Ce qui nous a surtout fait mal ce mercredi, c’est cette impression que Bertrand Belin ne se rendait pas bien compte de la place de certaines de ses chansons dans nos vies. Alors, en se drapant d'une légèreté teintée de suffisance, en éludant "Hypernuit", "Choses nouvelles" et en gâchant "Oiseau", on s’est senti un peu trahi par ce dandy caustique et poétique qu’on aurait aimé aimer aussi sur scène.

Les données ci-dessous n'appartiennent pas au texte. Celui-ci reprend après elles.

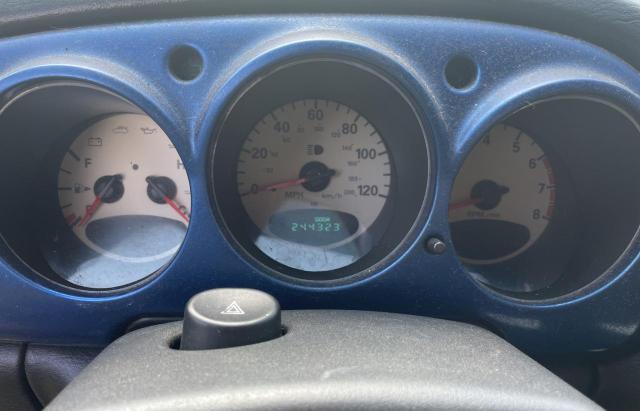 Photo 8 from auction – 2003 CHRYSLER PT CRUISER with VIN 3C8FY68B53T654882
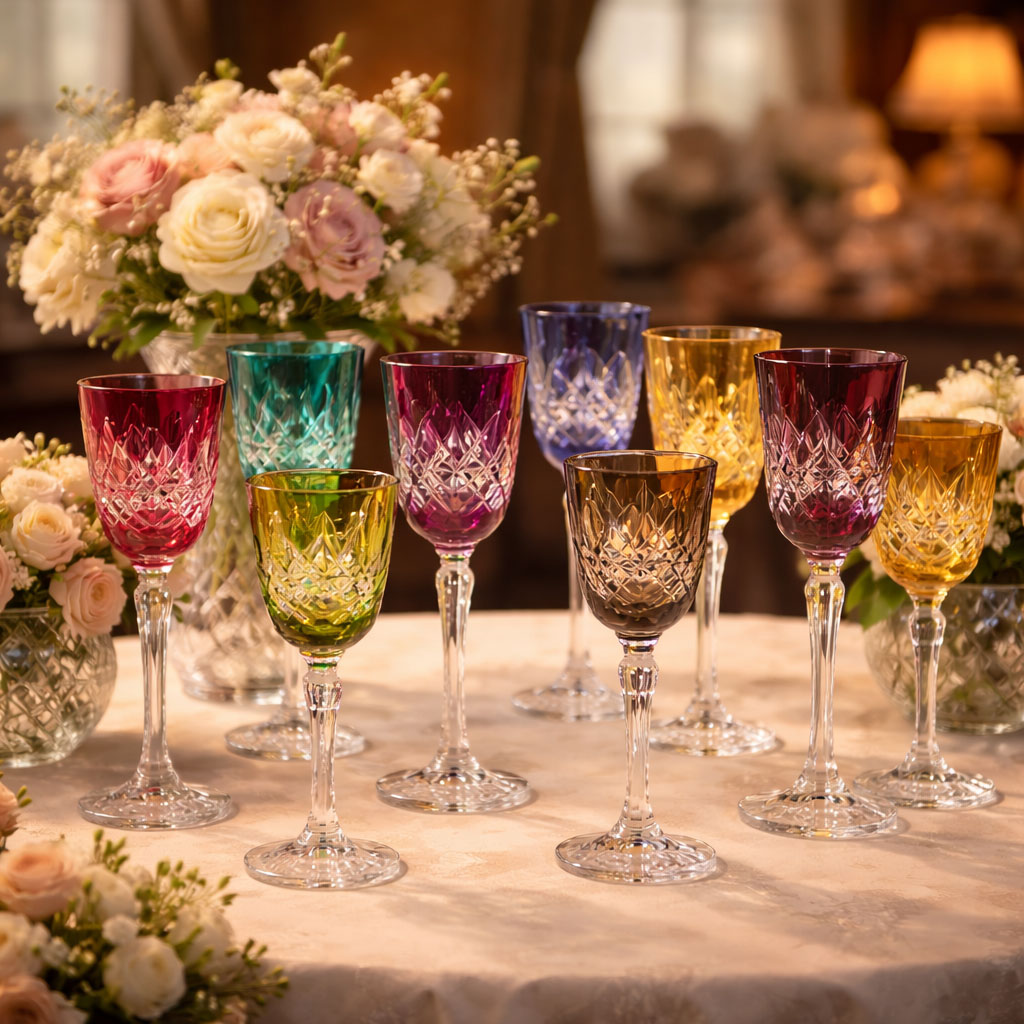 kristallboerse-gebrauchtes-farbige-glaeser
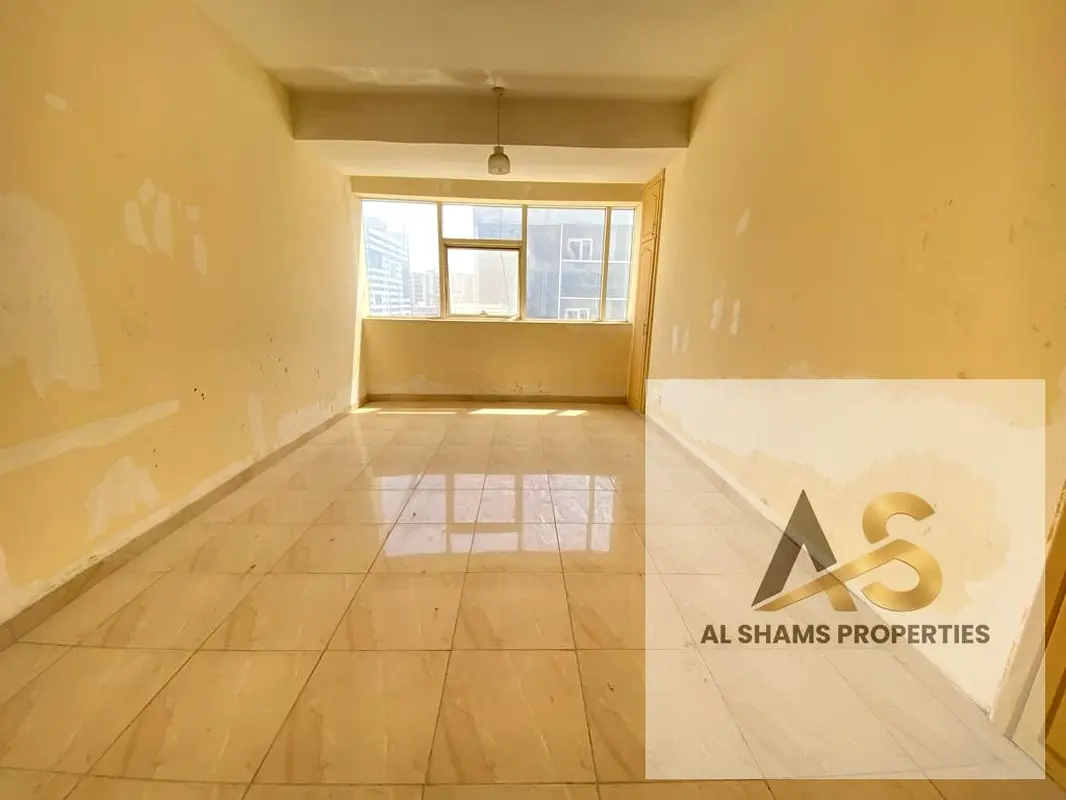 GET SPACIOUS STUDIO WITH PARKING FOR ARABIC ONLY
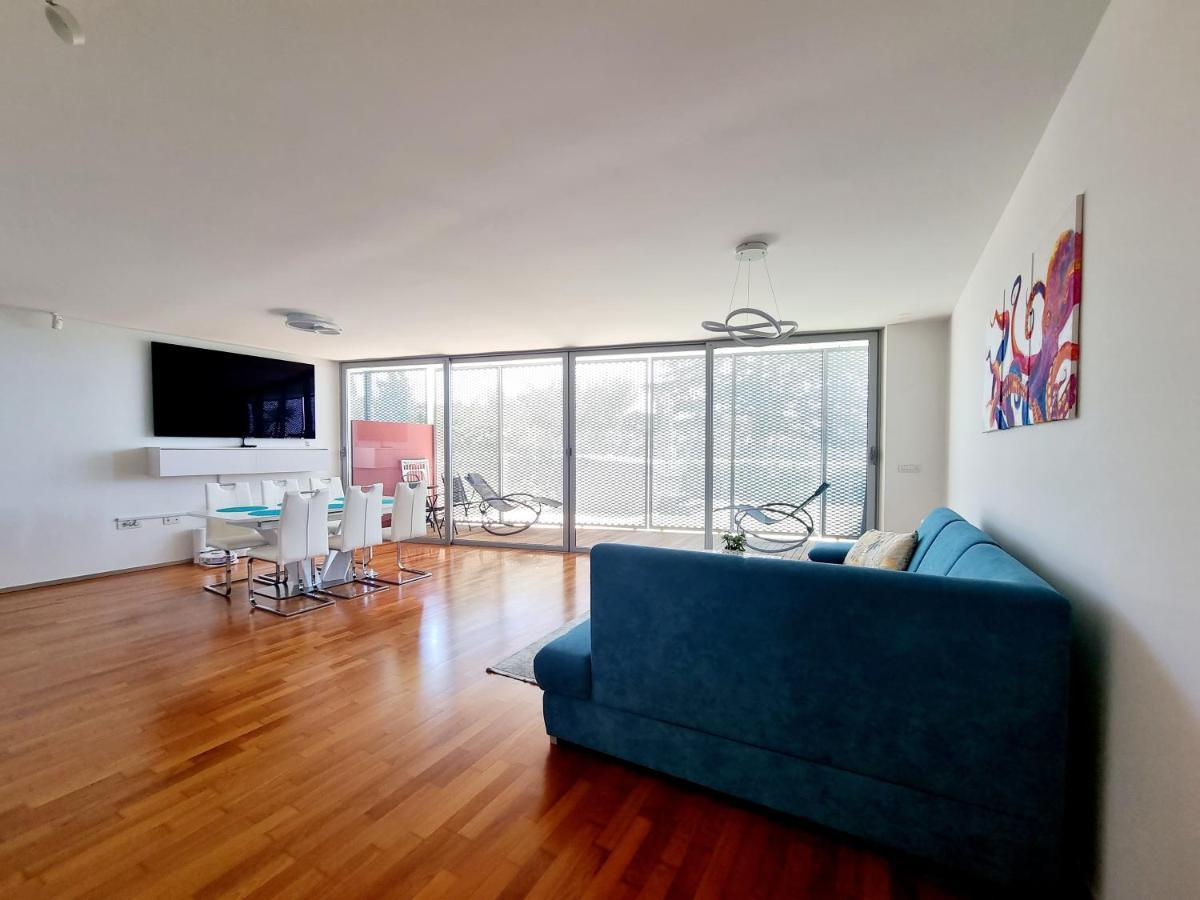 Vip Apartment بورتوروز المظهر الخارجي الصورة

« Il n'est pas de hasard, il est des rendez-vous » chantait Daho et ce 7 décembre s’avère un rendez-vous raté pour les amateurs·ices bruxellois·es de chanson française. Ceux·lles-ci se consoleront toutefois avec la masterclass de Juliette Armanet assurée 48 heures plus tôt à l’Ancienne Belgique lors de laquelle la Parisienne à coup de poses hallydéennes, de tremolos sansoniens, de tenues pailletées (trois différentes s’il vous plait), d’un "Rouge aux joues" d’anthologie avec David Numwami et d’un crowdsurfing final improvisé a éclaboussé l’assemblée de sa ferveur et de son talent. Juliette 1, Bertrand 0. On attend le match retour avec impatience.